A 30 bp cut in the monthly mortgage insurance premium brings it back down to 55 bps, where it was at prior to the housing crisis. The last time an FHA premium cut was implemented took place in 2015, when then-HUD Secretary Julian Castro announced a 50-bp reduction.
That cut was very successful at reaching the underserved market, but Castro later rejected calls from the National Association of Realtors in 2016 to bring the premiums down to the 55 bp level.
The Mortgage Bankers Association, which at that time said it was too soon to support an MIP reduction, now is strongly advocating for one.
“It is appropriate for HUD to expeditiously examine reductions in FHA mortgage insurance premiums, which have been at their current levels for nearly seven years,” the organization said after the actuarial report was released in November.
Then in April, MBA President and CEO Bob Broeksmit noted in a blog that 80% of FHA borrowers who exited forbearance were paying their mortgages on time.
“Clearly, the residual risks to the Fund from the pandemic are subsiding,” Broeksmit said. “Simply put, when an insurance fund has resources well above what it expects to pay out in future claims, it has room to lower its premiums.”

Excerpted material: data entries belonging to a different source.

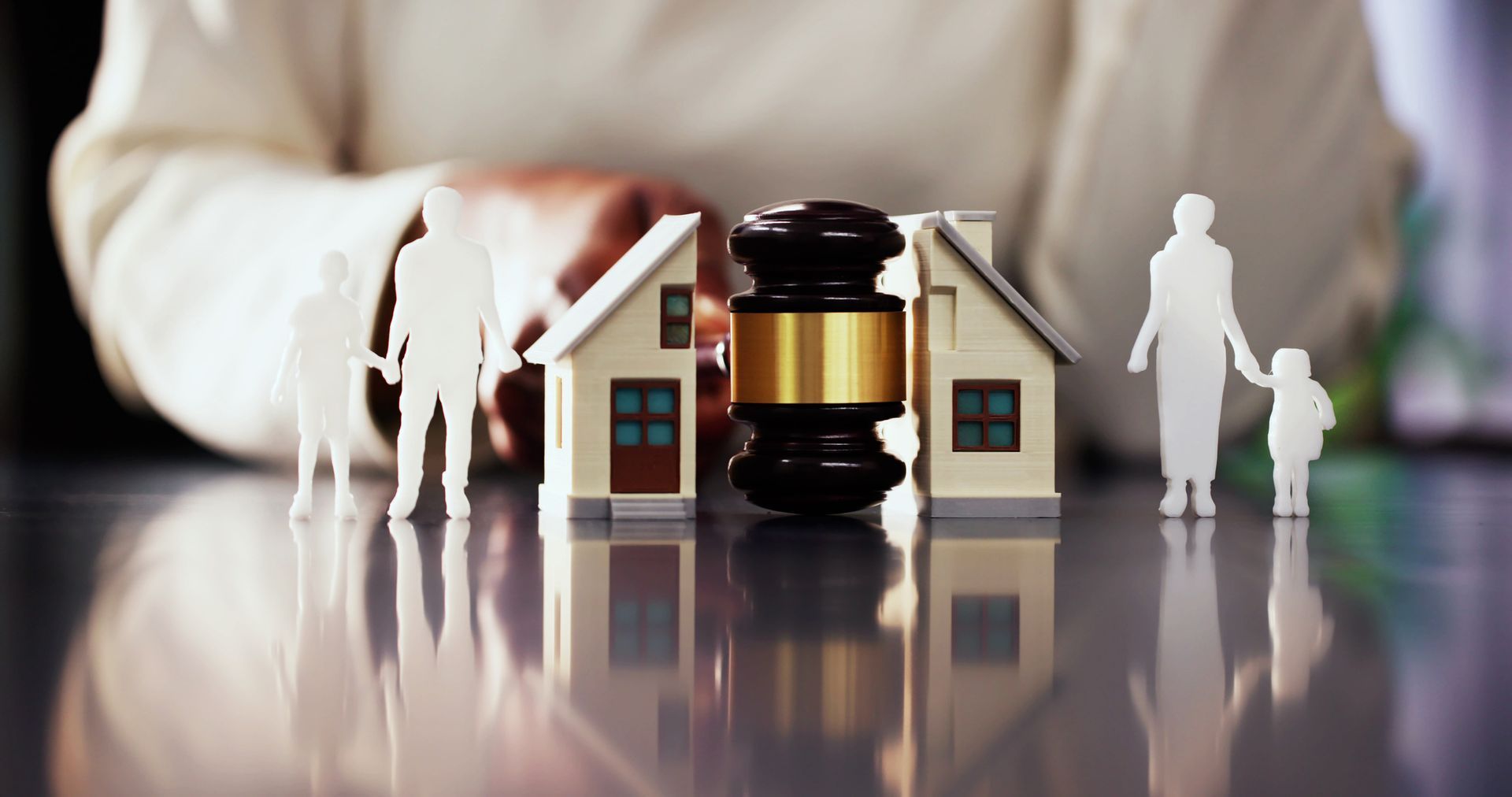 Toy houses and figures flank a judge’s gavel, symbolizing a property or legal dispute.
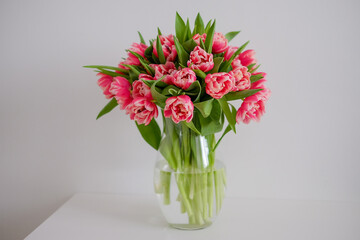 a bunch of pink tulips on the white table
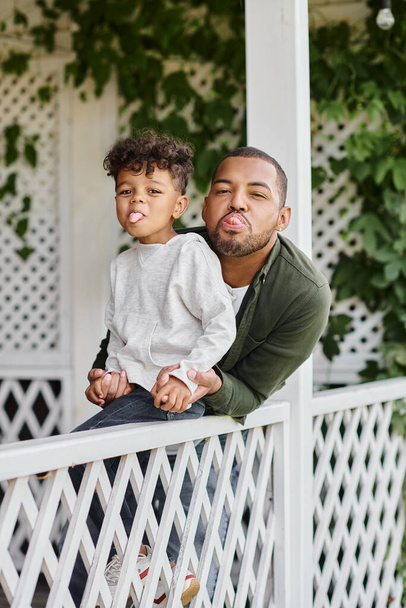heureux père afro-américain et fils bouclé collant la langue tout en étant assis près de la clôture blanche - Photo, image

The MBA’s Purchase Applications Payment Index for FHA loans reported a principal and interest payment of $948 per month for December 2020 originations.
One year later, as both prices and interest rates increased, that was up to $1,070. But just five months later, that has zoomed to $1,430.
It is appropriate right now to revisit the mortgage insurance premium especially given the strength of the Mutual Mortgage Insurance Fund, said David Dworkin, president and CEO of the National Housing Conference.
“But if we don’t deal with supply, we’re not dealing with the problem,” Dworkin said. “And frankly, low and moderate income consumers are not going to get the benefit.”
Allowing FHA borrowers to drop their insurance policy through ending the life of loan requirement would go much further towards improving affordability, Dworkin said.
Still, “anything we do with the mortgage insurance premium is going to get swept away by housing prices if we don’t address supply,” he continued. The laws of supply and demand are absolute, and an MIP cut only covers demand.
That is why Congress should pass the Neighborhood Homes Investment Act, which has bipartisan support, Dworkin said. If it were to become law, it would offer tax credits to attract private investment for building and rehabilitating owner-occupied homes.
“In communities all over the country, you’ve got properties that don’t appraise at the cost to repair them, or at what it would cost to build new homes,” Dworkin said. “And this tax credit will close that gap and create more affordable housing where it’s needed the most.”